These jets were not included in the previous dataset employed to build AJIA and could be used to test the application of AJIA to unknown events. Figure 6 depicts the confusion matrix of AJIA’s prediction on the above 235 true and 174 fake jets. TP, TN, FP, and FP are 213, 148, 26, and 22, respectively. This indicates that the precision of AJIA in detecting these unknown events is about 0.81. The recall, TNR, and F-measure are 0.81, 0.80, and 0.81, respectively. These values are consistent with what was found in the validation set as described in the previous subsections and further suggest AJIA’s potential to detect off-limb coronal jets accurately.

Refer to caption
Figure 6: Confusion matrix of AJIA with 1-hour cadence data. Similar to panel b) in Fig. 5, this figure shows the distribution of true and fake jets in the input labels and predictions made by AJIA from the 235 true and 174 fake jets detected in January 2011.
Refer to caption
Figure 7: Precision of AJIA and SAJIA for jets in different years. Colored dots and the solid curve are the yearly precisions of AJIA, with colors denoting the normalized (to the red number 375) number of events. Colored diamonds and the dashed curve are the yearly precisions of SAJIA, with colors denoting the normalized (to the red number 787) number of events, using data from Soós et al. (2024).

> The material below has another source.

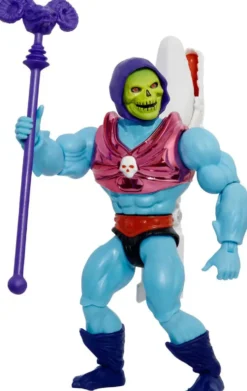 LES MAITRES DE L'UNIVERS ORIGINS - FIGURINE ARTICULEE SKELETOR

5 Conclusions and Discussions

In this paper, we presented the development of the Automated Jet Identification Algorithm (AJIA), which is built based on off-limb coronal jets detected by our previously developed semi-automated jet identification algorithm (SAJIA, Liu et al., 2023). These jets were fed into a U-NET (Ronneberger et al., 2015) neural network to train the final model. Evaluating AJIA on a test set containing 2120 true and fake jets yields a precision, recall, TNR, and F-measure of around 0.81, where the precision is significantly larger than that of SAJIA (0.34).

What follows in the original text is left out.